**What is being asked:** Nothing but the lines from the one with "29 Massey Place, Brookfield QLD 4069" through the end of the listing should be reproduced, each exactly and with pictures omitted.
-=-=-
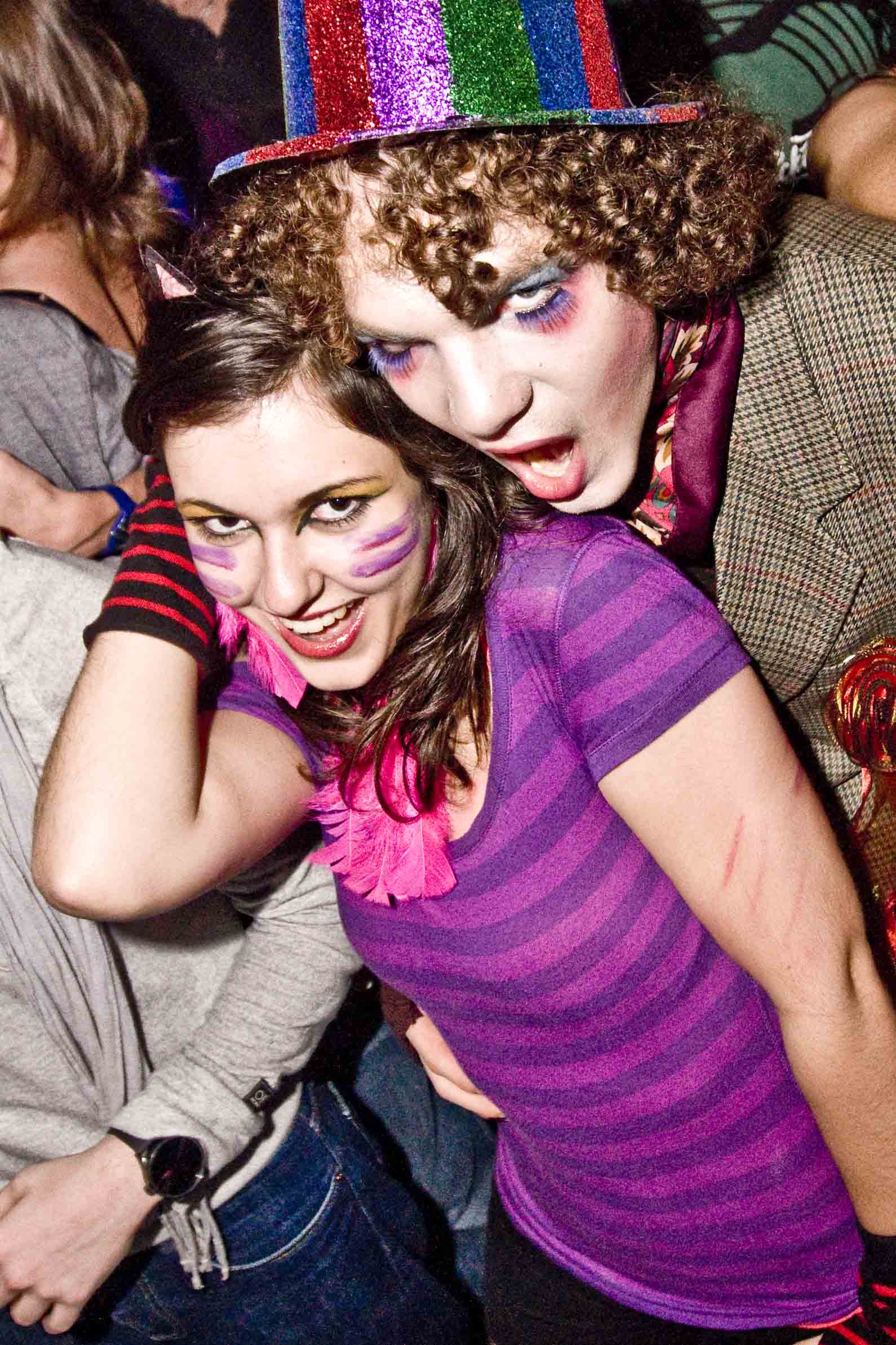 Alice in Cannibaland: "Off with their heads!" au Belmont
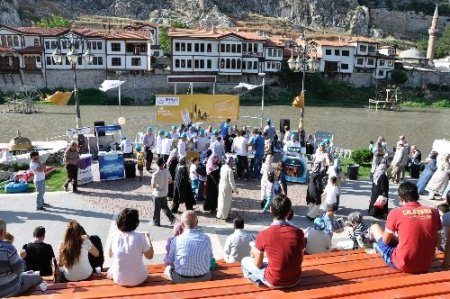 Semerkand Vakfı, vatandaşlara etli pilav ve ayran ikram etti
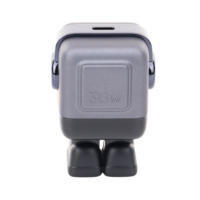 Cargador Mini GaNRobot 30W serie Nexode | 1 USB-C de Carga Rápida | Tecnolog?a GaN II | Multiprotocolo PD/QC/SCP/FCA | Carga Inteligente | Pantalla LED | Zapato Magn?tico Extra?ble | Thermal Guard | Color Negro.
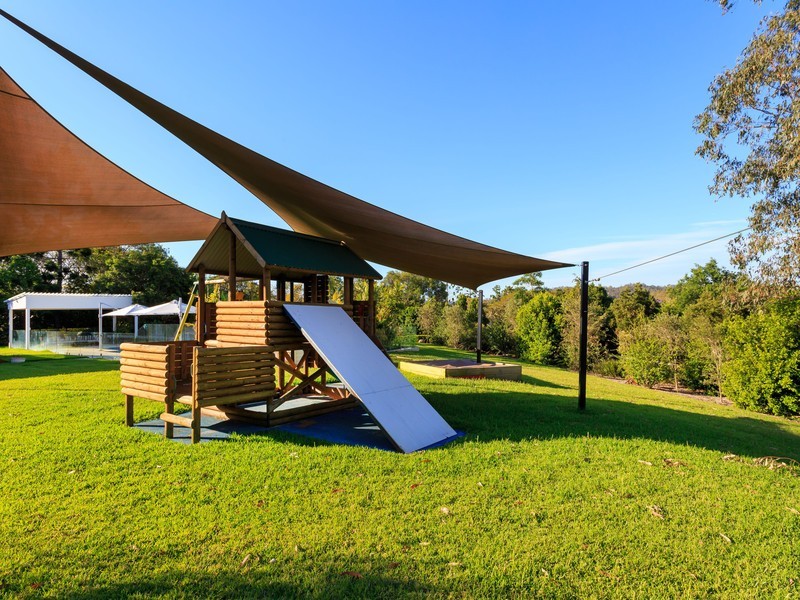 29 Massey Place, Brookfield QLD 4069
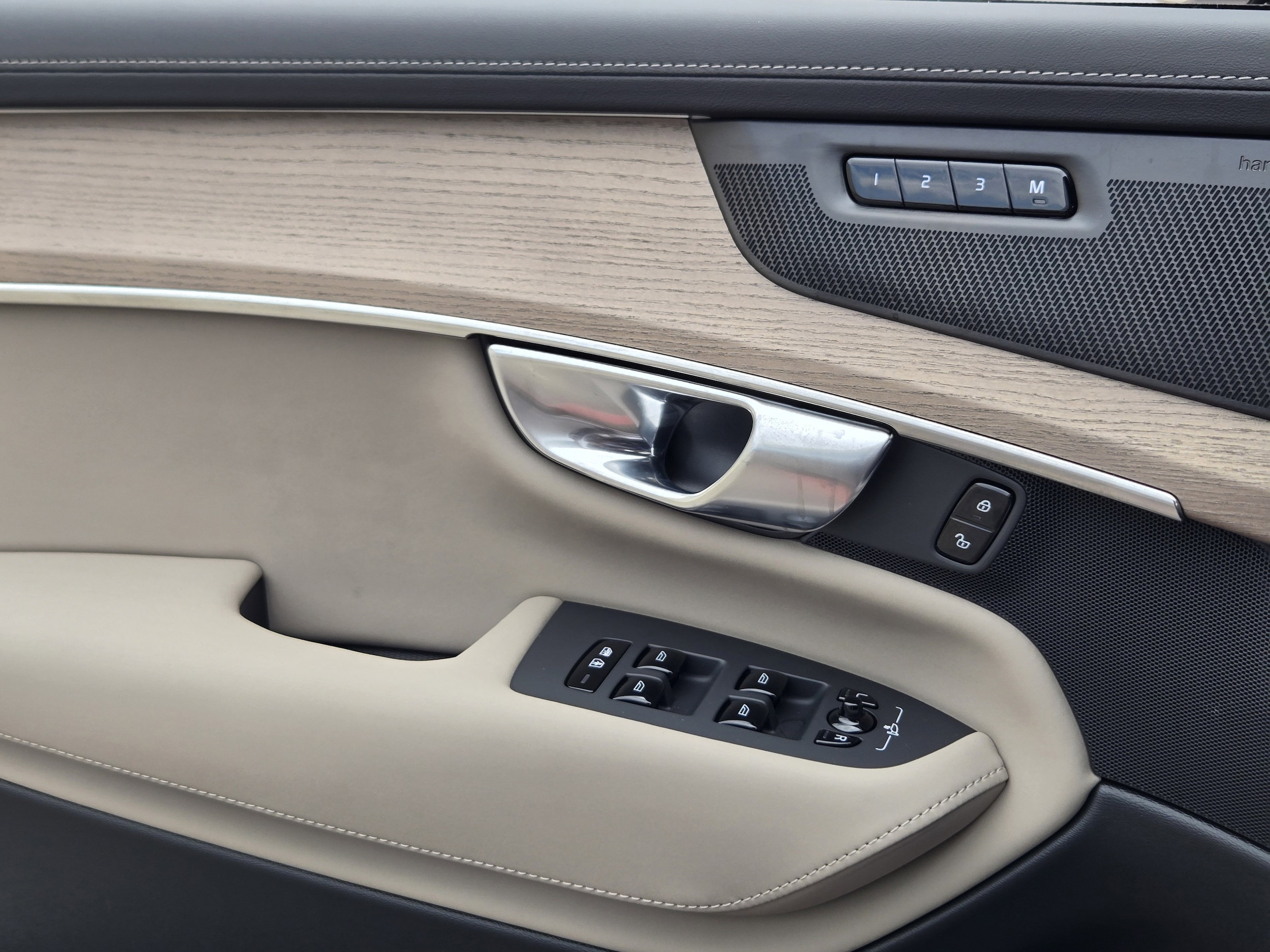 2026 Volvo XC90 Plus - Photo 20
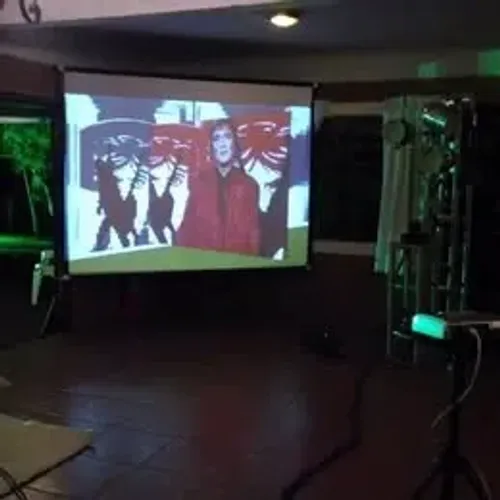 Retrospectiva Infantil - Projetor e Telão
-=-=-
**Task result:**
 29 Massey Place, Brookfield QLD 4069
 2026 Volvo XC90 Plus - Photo 20
 Retrospectiva Infantil - Projetor e Telão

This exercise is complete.